[Input records — start]
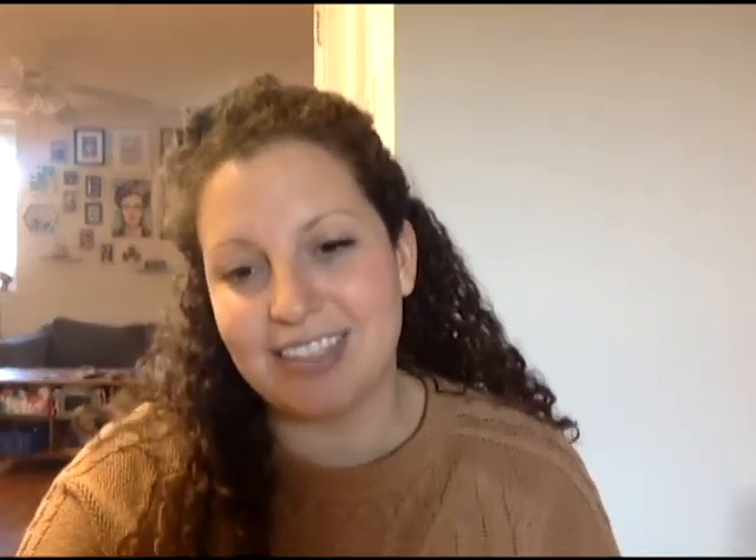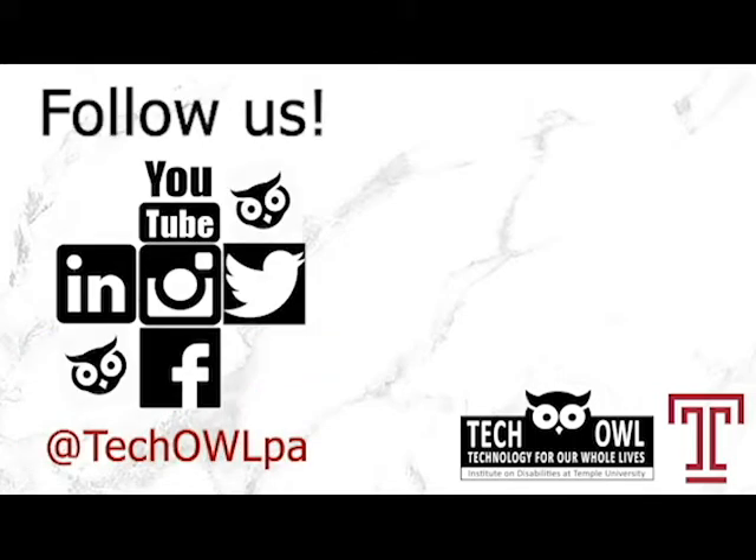This video was brought to you by the Create Together program at TechOwl. Create Together matches users of assistive technology with makers to create unique and personalized solutions of assistive technology, like this floor wheelchair. If you are a maker and want to get involved, or a user of assistive technology and need something personalized, please contact us at our website, techowlpa.org/create. To learn more about the technology we have in our learning library, check out our website at techowlpa.org. If you like this video and want to see more, please hit the subscribe button and follow us on social media. Links in the description below.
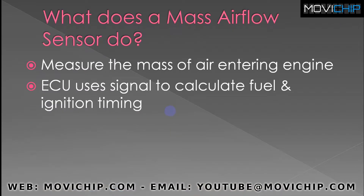So what does a mass airflow sensor do? As the name suggests, it measures the mass of air entering the engine. Depending on what the signal is, it represents the mass of air going into the engine, and from that information the ECU will inject a specific amount of fuel and put a specific amount of ignition timing into the engine.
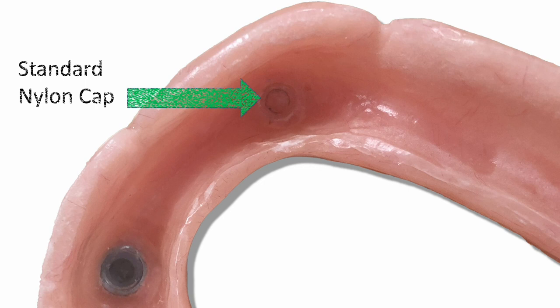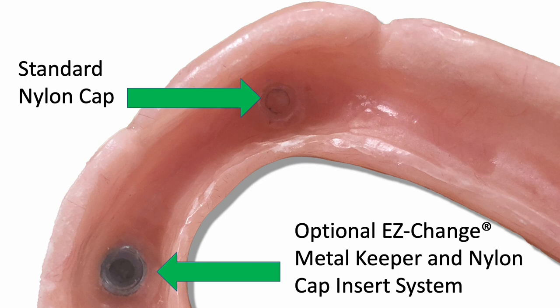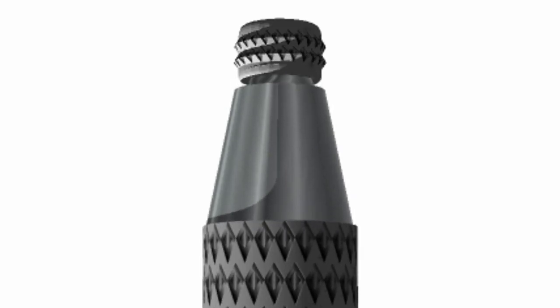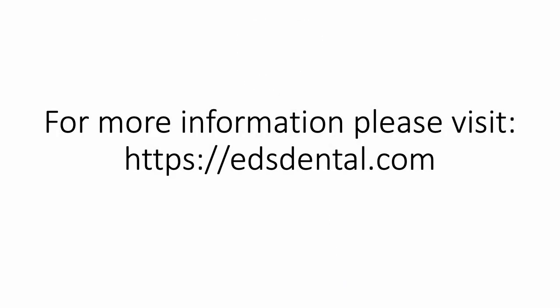Here you can see the final nylon cap incorporated into the denture. Note: the same technique can be used to incorporate the optional easy-change metal housing and screw-in nylon cap insert. When using the optional easy-change attachment caps, upon wear, the dentist can quickly unscrew and replace the nylon inserts in seconds.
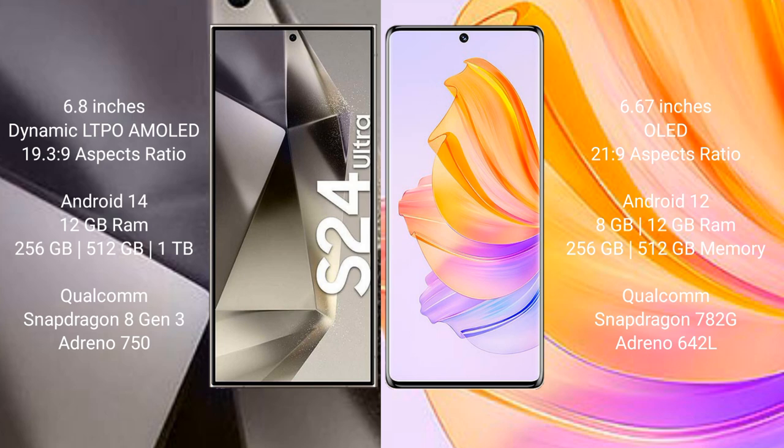The Honor 80 comes with 8GB or 12GB RAM and 256GB or 512GB internal storage, powered by the Qualcomm Snapdragon 782G chipset with Adreno 642L GPU.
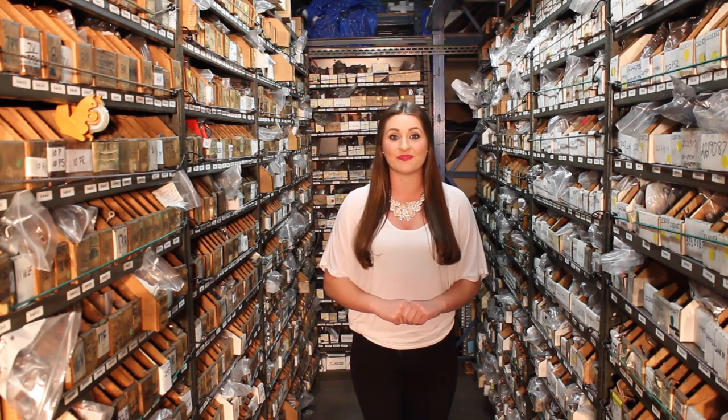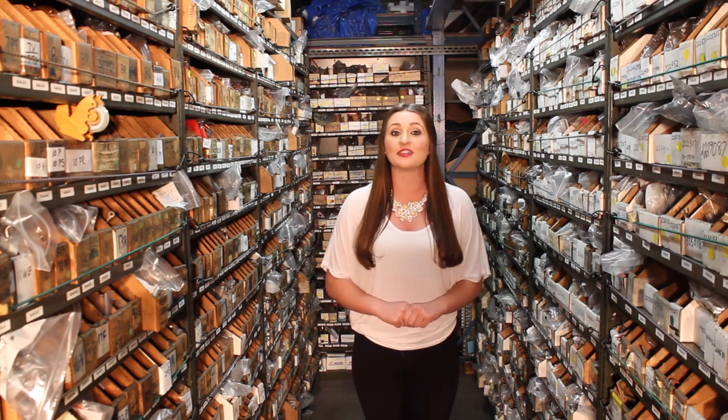Hi, this is Megan with Ertin Electric. Thank you for watching our Finding Motor Brushes Part 1. This video is a more advanced search to let you know what we do here to find the right motor brushes for our customers.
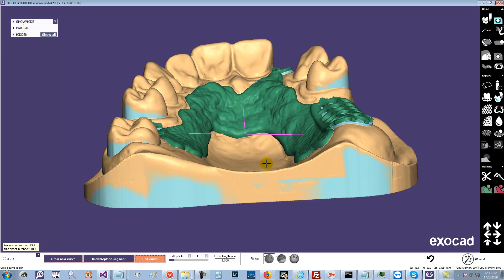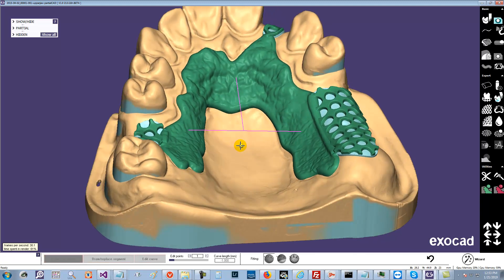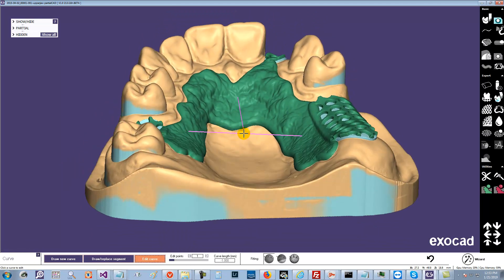Now I'm going to go to Edit Curve. So basically we have, since we double-clicked, it's just a two-point curve — they're straight lines. And now we can add points to these lines. So I'm going to add a point right there.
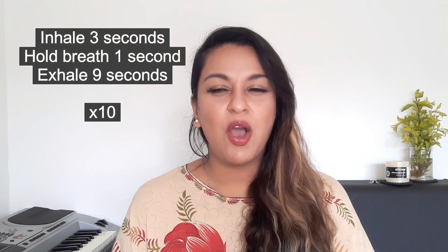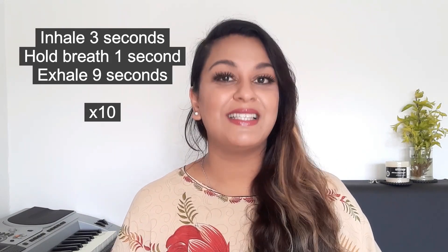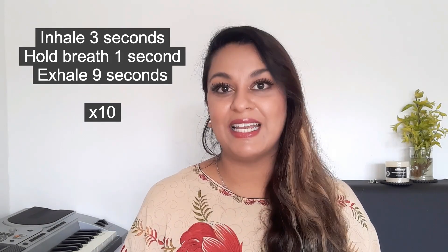It's a really simple exercise. I'm going to count you in and then we'll do the exercise together. It's basically an inhale for a few seconds and then a really long exhale. We're going to try to inhale for three seconds, hold it for just one second, then exhale for nine seconds. Then we're going to do 10 sets of these together. Are you ready?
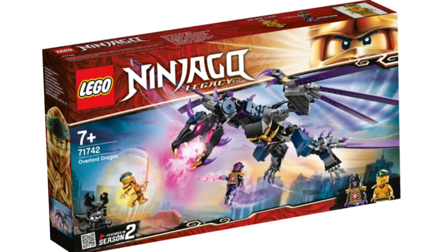I am so hyped for this set. The main reason is because we've been asking for this set for so long and we're finally getting it. This set will look great on display right beside the Legacy Golden Dragon. The build is not the greatest and probably not what we were expecting, but I do think it is very cool.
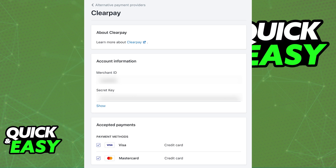Once you select ClearPay, you will have to input the credentials about your account, so the merchant ID and the secret key will be there for you, and you can choose the accepted payment types between Visa and MasterCard credit cards.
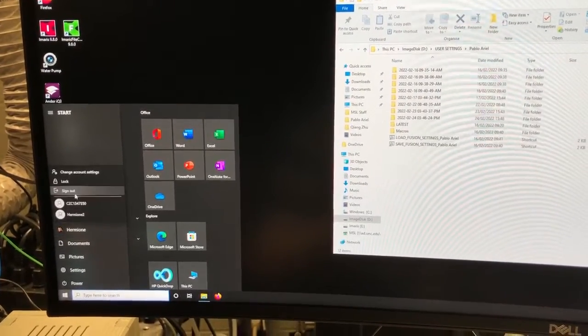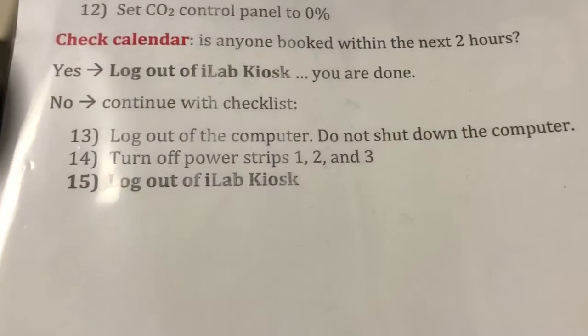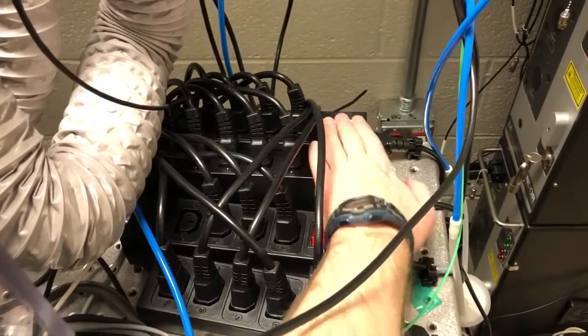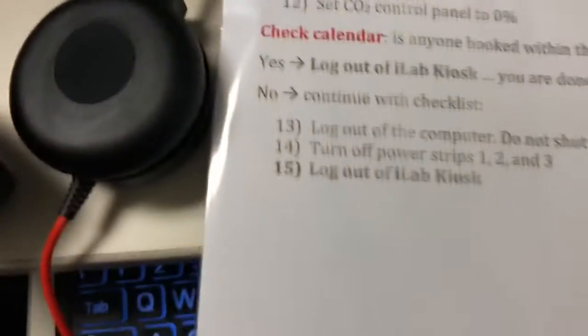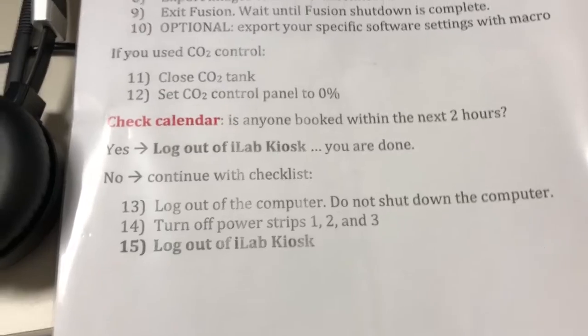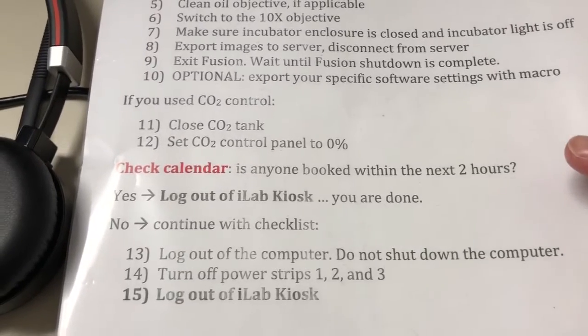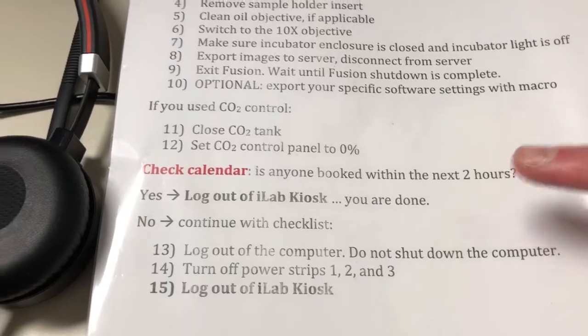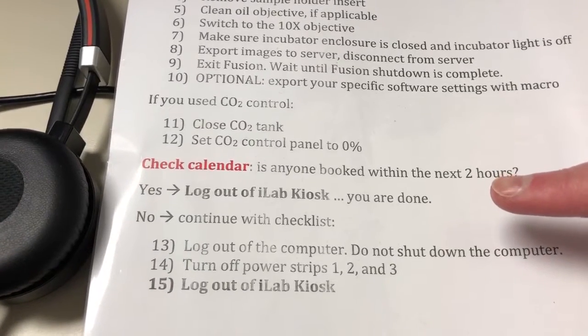So we're going to go to the user account and sign out. Then you're going to turn off power strips one, two, and three. At that point you're ready for the last step, which is to log out of the ilab kiosk. If someone weren't coming within the next two hours, you would have already logged out of the ilab kiosk at the earlier step.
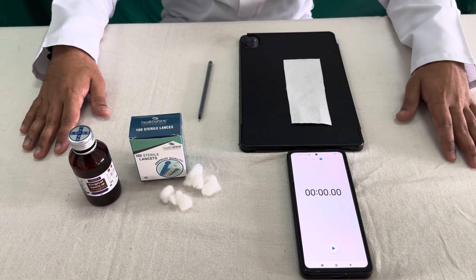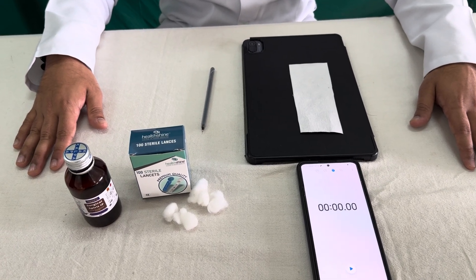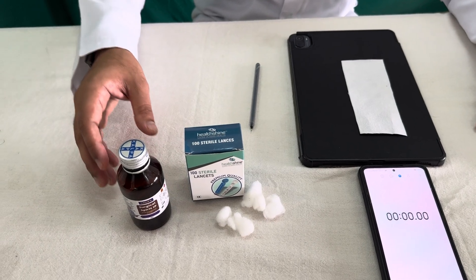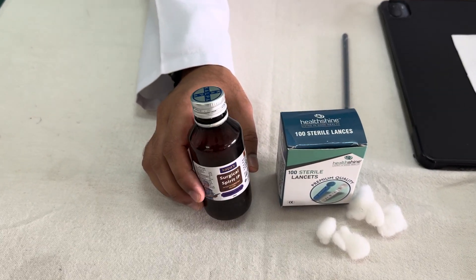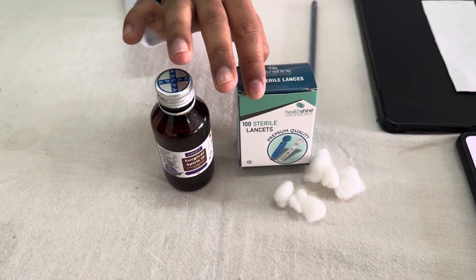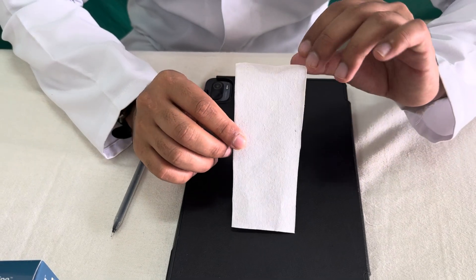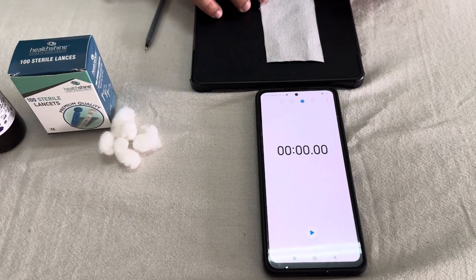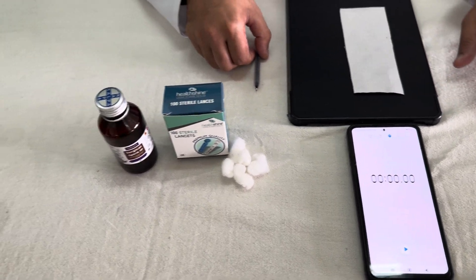Hello friends, today we will do the practical or the procedure for determination of the bleeding time by Dukes method. First, what are the requirements? We need equipment for sterile finger puncture: surgical spirit, lancets, and cotton swabs or gauze. Then the most important one is either filter paper or blotting paper, then a stopwatch — you can use a mobile phone or even a wristwatch, whatever is available.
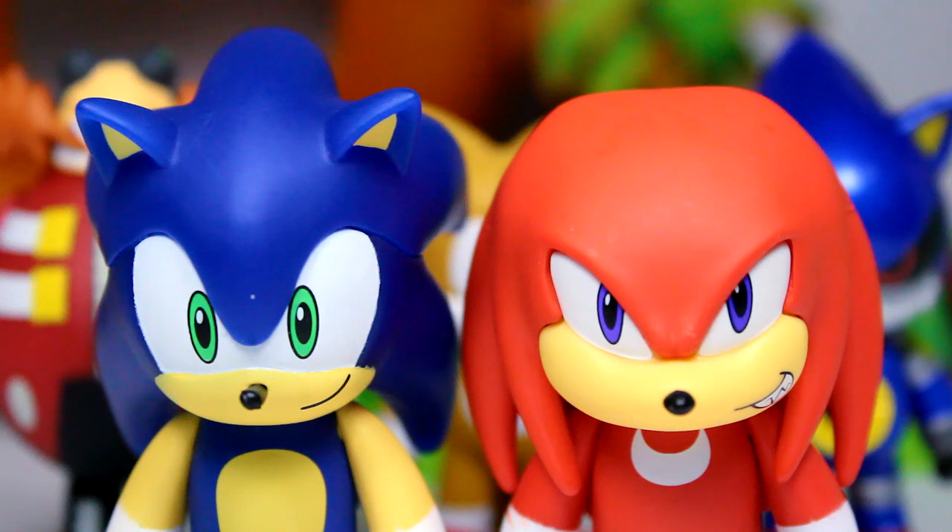That pretty much does it for this review. If you guys want to pick this up, you can go over to the Kid Robot website — they still have this available. I don't know when these hit stores yet, so keep that in mind. Thank you so much for watching and I will definitely catch you guys in the next video. Take care, my friends.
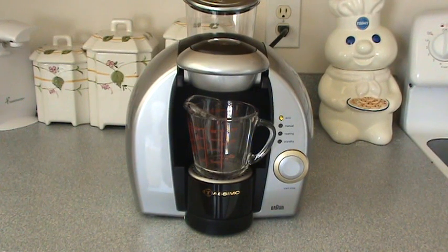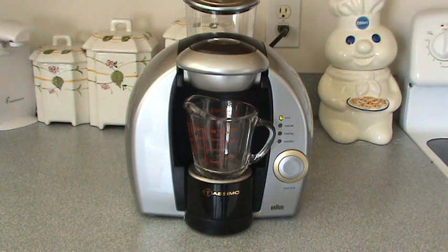Hello eBay, this is a video demonstration of the Braun Tassimo 3107 coffee maker. The water is already heated — as you can see from the pictures, I showed it when it was heating. Now it's in auto mode.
[Input records — finish]
* [Requirement]: Produce a verbatim copy of every entry, excluding pictures.

* [The answer]:
This video was brought to you by the Create Together program at TechOwl. Create Together matches users of assistive technology with makers to create unique and personalized solutions of assistive technology, like this floor wheelchair. If you are a maker and want to get involved, or a user of assistive technology and need something personalized, please contact us at our website, techowlpa.org/create. To learn more about the technology we have in our learning library, check out our website at techowlpa.org. If you like this video and want to see more, please hit the subscribe button and follow us on social media. Links in the description below.
So what does a mass airflow sensor do? As the name suggests, it measures the mass of air entering the engine. Depending on what the signal is, it represents the mass of air going into the engine, and from that information the ECU will inject a specific amount of fuel and put a specific amount of ignition timing into the engine.
Here you can see the final nylon cap incorporated into the denture. Note: the same technique can be used to incorporate the optional easy-change metal housing and screw-in nylon cap insert. When using the optional easy-change attachment caps, upon wear, the dentist can quickly unscrew and replace the nylon inserts in seconds.
The Honor 80 comes with 8GB or 12GB RAM and 256GB or 512GB internal storage, powered by the Qualcomm Snapdragon 782G chipset with Adreno 642L GPU.
Hi, this is Megan with Ertin Electric. Thank you for watching our Finding Motor Brushes Part 1. This video is a more advanced search to let you know what we do here to find the right motor brushes for our customers.
Now I'm going to go to Edit Curve. So basically we have, since we double-clicked, it's just a two-point curve — they're straight lines. And now we can add points to these lines. So I'm going to add a point right there.
It's a really simple exercise. I'm going to count you in and then we'll do the exercise together. It's basically an inhale for a few seconds and then a really long exhale. We're going to try to inhale for three seconds, hold it for just one second, then exhale for nine seconds. Then we're going to do 10 sets of these together. Are you ready?
I am so hyped for this set. The main reason is because we've been asking for this set for so long and we're finally getting it. This set will look great on display right beside the Legacy Golden Dragon. The build is not the greatest and probably not what we were expecting, but I do think it is very cool.
Once you select ClearPay, you will have to input the credentials about your account, so the merchant ID and the secret key will be there for you, and you can choose the accepted payment types between Visa and MasterCard credit cards.
So we're going to go to the user account and sign out. Then you're going to turn off power strips one, two, and three. At that point you're ready for the last step, which is to log out of the ilab kiosk. If someone weren't coming within the next two hours, you would have already logged out of the ilab kiosk at the earlier step.
Hello friends, today we will do the practical or the procedure for determination of the bleeding time by Dukes method. First, what are the requirements? We need equipment for sterile finger puncture: surgical spirit, lancets, and cotton swabs or gauze. Then the most important one is either filter paper or blotting paper, then a stopwatch — you can use a mobile phone or even a wristwatch, whatever is available.
That pretty much does it for this review. If you guys want to pick this up, you can go over to the Kid Robot website — they still have this available. I don't know when these hit stores yet, so keep that in mind. Thank you so much for watching and I will definitely catch you guys in the next video. Take care, my friends.
Hello eBay, this is a video demonstration of the Braun Tassimo 3107 coffee maker. The water is already heated — as you can see from the pictures, I showed it when it was heating. Now it's in auto mode.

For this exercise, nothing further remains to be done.